There was no indigenous population on Adak. The natives had moved westward late in the 19th century. Surprisingly, military personnel stationed at Adak could bring their families. The base had a school, church, commissary, and theater. Peak population was about 6000 military and civilians, but only about 10 percent were females. It was a place not very conducive to having a formal ball, but in 1970 the Marine contingent on Adak was throwing one for their birthday party.
They needed a band and had to borrow one from Elmendorf AFB in Anchorage. I had just arrived there, was newly qualified in C-130s, and assigned to co-pilot on the flight that took the band to Adak. All the female military personnel stationed at Elmendorf and nearby Fort Richardson had received invitations to the ball. The ones who accepted would fly with the band. Late that morning we left for Adak with some of the ingredients for the party. The Marines were providing food, the traditional cake, and liquid refreshments.
Weather in the Aleutians can be very interesting. The warm water of the Pacific meets the cold of the Bearing Sea creating the strange phenomenon of high winds and fog. At Adak the ceiling and visibility were just above minimums that November 10.
Latest technology at the time included auto pilots that could fly "coupled" approaches.
Today's equipment can fly the airplane from A to B including takeoff and landing without input from the pilot. The Elmendorf Hercules were some of the oldest around and had none of that. On a good day the autopilot could maintain heading and altitude, but that was about it. The standard for low visibility landings was for the co-pilot to fly the procedure while the pilot looked for the runway. Two other people whose jobs have been eliminated by automation were the flight engineer and navigator. As the airplane neared the decision point the navigator would monitor altitude and position. The engineer watched the power and airspeed. The pilot concentrated on looking for visual clues and the co-pilot on flying the approach.
Ground Controlled Approach or GCA was used at most military bases in those days. The radar controller could see the aircraft's height and alignment, giving the pilot instructions to adjust heading for course or descent rate for glide path. Adak's GCA people were some of the best in the business. The P-3s flew every day in the Aleutian soup and depended on the Navy controllers to get them home.

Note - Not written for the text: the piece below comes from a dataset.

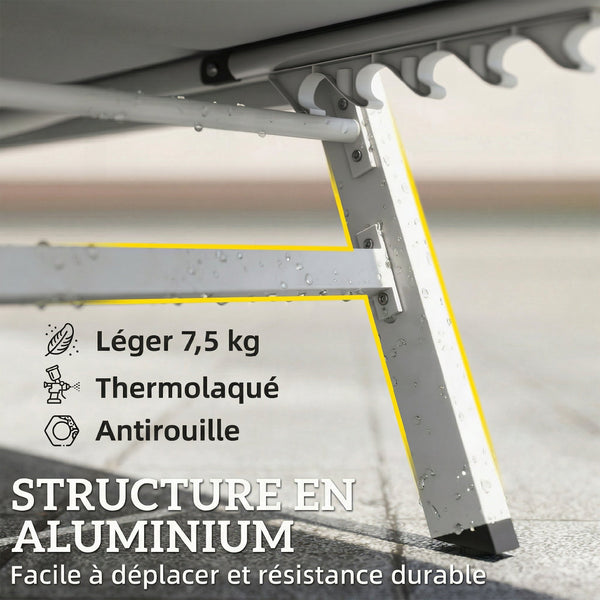 Bain de Soleil en Aluminium Léger, Dossier Réglable 6 Positions, Textilène 560g/m² et Rembourrage Intégré, Chaise Longue Anti-Rouille pour Terrasse Piscine Jardin, 64x181x90cm, Gris Clair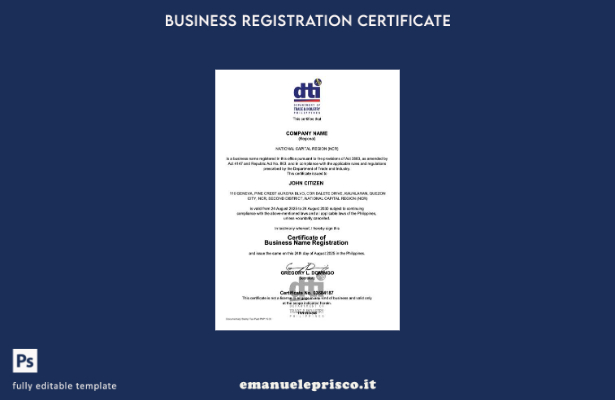 Certificato di registrazione della ragione sociale delle Filippine in stile ve 1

I'd graduated from flight training six months earlier and rated myself the best pilot in Alaska since Bob Reeve. Naturally I wired the approach, even though it was the first time I'd flown a GCA with the weather at minimums. About 300 feet above the runway the other pilot took over and landed. We were at Adak, and the party was waiting.
At first the ball was all pomp and circumstance. The colors were presented, the national anthem played, and the Marine Hymn sung. After dinner the cake was cut in another ceremony. Believe it or not, how to cut the birthday cake is a chapter in the Marine drill manual. Then the party really got started.
All the Marines were males. Even with the guests we brought with, there were way more men than women. There was, however, plenty of alcohol and testosterone. That dangerous mixture resulted in few arguments about who got the next dance. Occasional offers were made to "step outside", but a couple tough sergeants with lots of hash stripes kept a semblance of order. As the night progressed the alcohol fog inside got almost as thick as the real fog outside. The next morning, we loaded up the passengers including some hung over Marines that were going on leave. Our flight to Elmendorf went off well, except a couple of the Marines were really hurting and made the loadmaster mad by missing the "sick sack." I got home in good order and thought it was a great time.
So that's why 40 years later my daughter's invitation to the Marine Ball put her old dad in a panic.
My apologies to the female gender of the human species and the United States Marines, both of which I hold in the highest esteem.